> TASK TO CARRY OUT:
Find and copy the lines in the records beneath this task that contain the word "avec".

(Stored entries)
====================
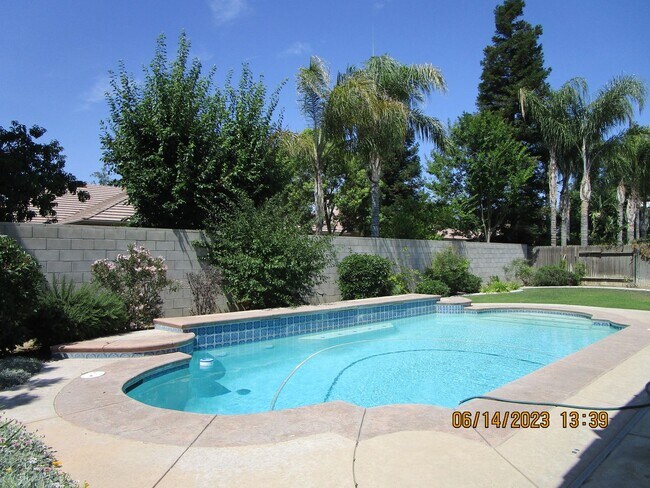 Building Photo - Seven Oaks Grand Island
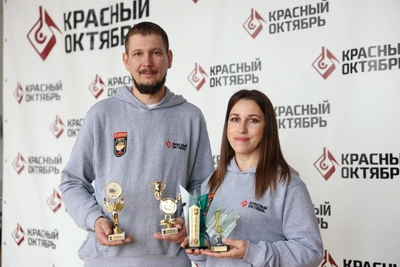 Red October Workers Attend Metallurgists' Family Meeting in Moscow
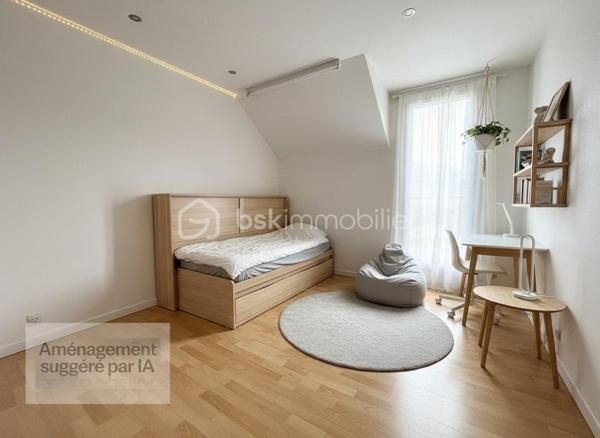 Découvrez ce triplex fonctionnelle de 126 m² sur 3 niveaux, dans un quartier calme et prisé d’Aulnay-sous-Bois. Idéal pour une famille ou un investisseur (colocation), il allie volumes généreux, multiples espaces nuit et excellente desserte transports.
Répartition des espaces
Rez-de-chaussée :
	•	Entrée avec rangements.
	•	Cuisine indépendante ouvrant sur véranda lumineuse.
	•	Grande salle à manger traversante.
1er étage :
	•	Salon/séjour spacieux et lumineux.
	•	1 chambre.
	•	Salle d’eau + WC.
2ème étage :
	•	3 chambres (dont 1 avec salle de bains privative).
	•	Salle d’eau supplémentaire + WC indépendant.

Extérieur et commodités
	•	Jardin privatif pour détente et repas extérieurs.
	•	Véranda polyvalente (bureau, salon d’hiver).
	•	Garage pour 1 véhicule + stationnement extérieur.
Atouts majeurs
	•	4 vraies chambres + potentiel bureau (5ème espace nuit).
	•	3 salles d’eau pour confort optimal (famille recomposée ou colocation).
	•	Proche commodités : bus à 3 min, RER B / SNCF / Tram T4 à 10-15 min. Accès Paris en 25 min.
	•	Quartier résidentiel, sans nuisance, à 2 pas des écoles et commerces.
Parfait pour familles actives ou investisseurs locatifs (loyer potentiel élevé grâce à la config).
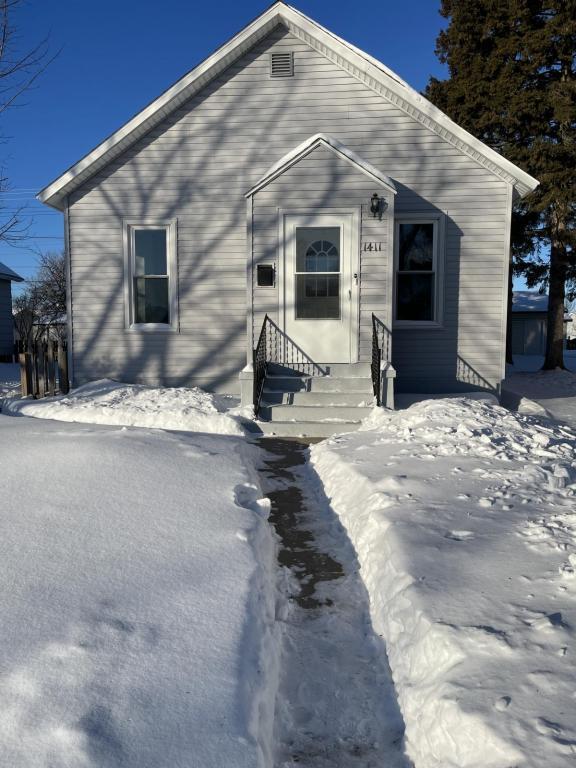 Primary Photo - 1411 Stephenson Ave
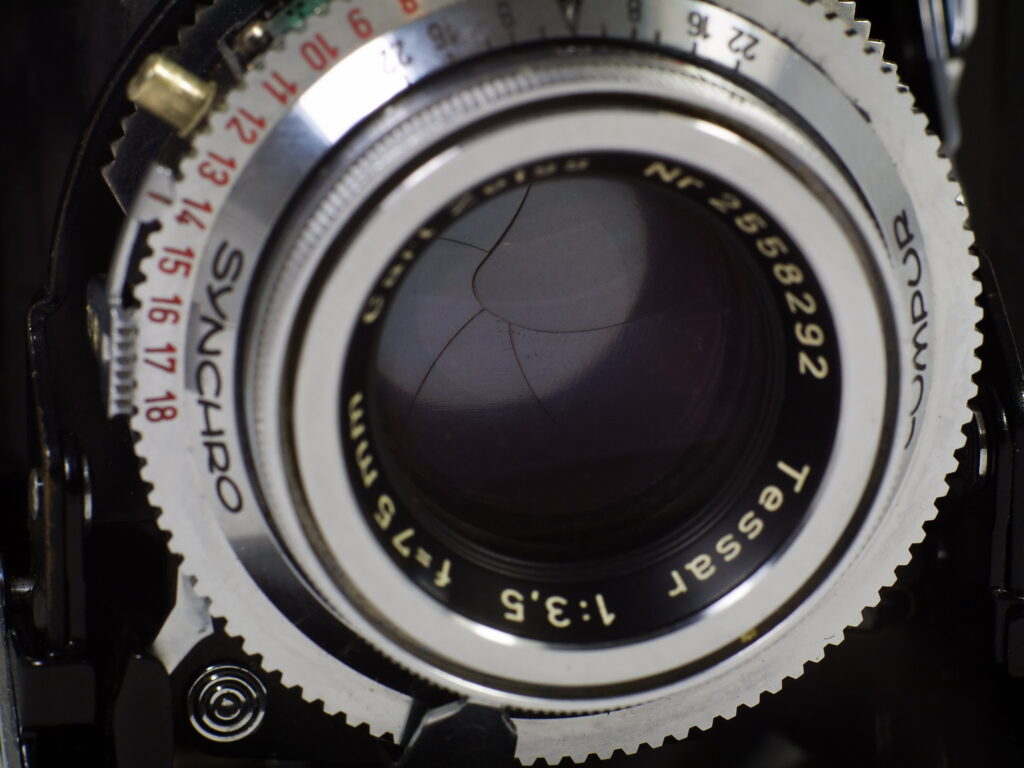 Schenider-Kreuznach Xenon 75mm f2-8154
====================
> WORKED SOLUTION:
	•	Entrée avec rangements.
	•	3 chambres (dont 1 avec salle de bains privative).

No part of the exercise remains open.